The needed output is the run of lines below from the one containing "thumbnail image 2" through the one containing "Declutter Your Space: The", copied exactly and free of pictures.

**LISTED RECORDS**
──────────────────────────────

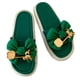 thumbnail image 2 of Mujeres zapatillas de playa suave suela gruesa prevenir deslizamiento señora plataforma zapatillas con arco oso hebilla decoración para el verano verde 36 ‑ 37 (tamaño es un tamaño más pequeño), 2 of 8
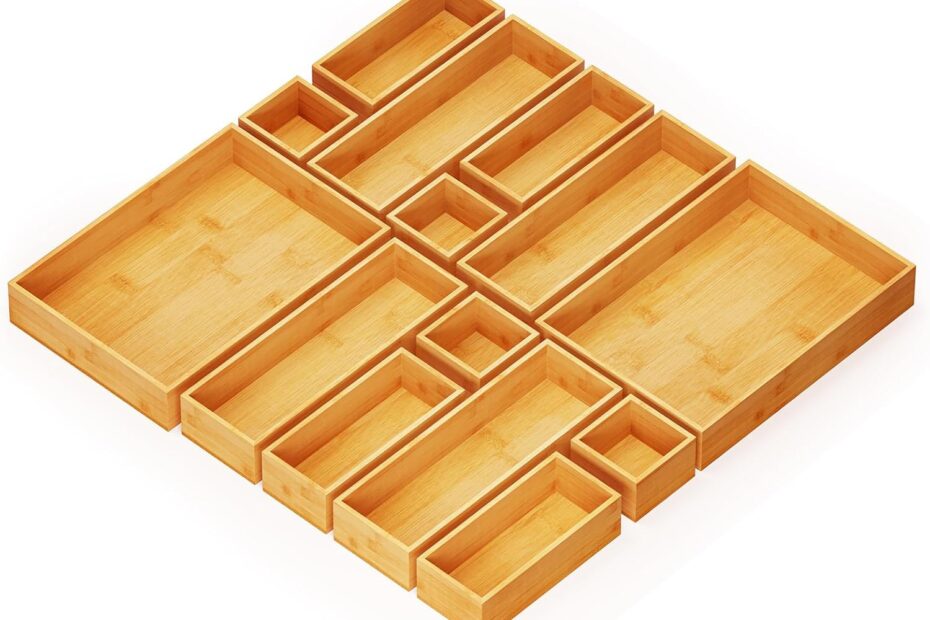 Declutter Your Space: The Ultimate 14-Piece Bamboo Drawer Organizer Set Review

──────────────────────────────

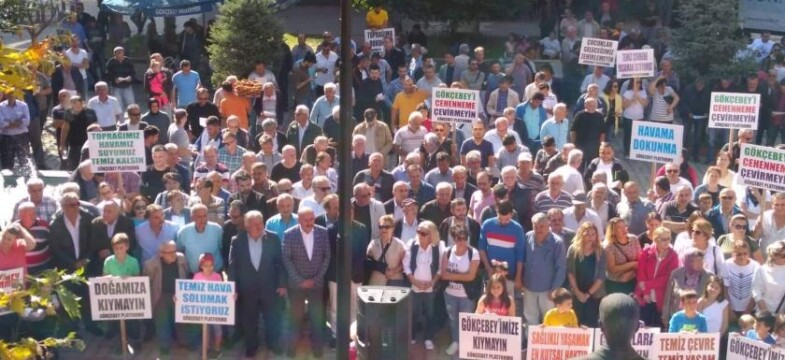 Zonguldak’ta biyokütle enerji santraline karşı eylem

──────────────────────────────

**RESPONSE TO THE TASK**
 thumbnail image 2 of Mujeres zapatillas de playa suave suela gruesa prevenir deslizamiento señora plataforma zapatillas con arco oso hebilla decoración para el verano verde 36 ‑ 37 (tamaño es un tamaño más pequeño), 2 of 8
 Declutter Your Space: The Ultimate 14-Piece Bamboo Drawer Organizer Set Review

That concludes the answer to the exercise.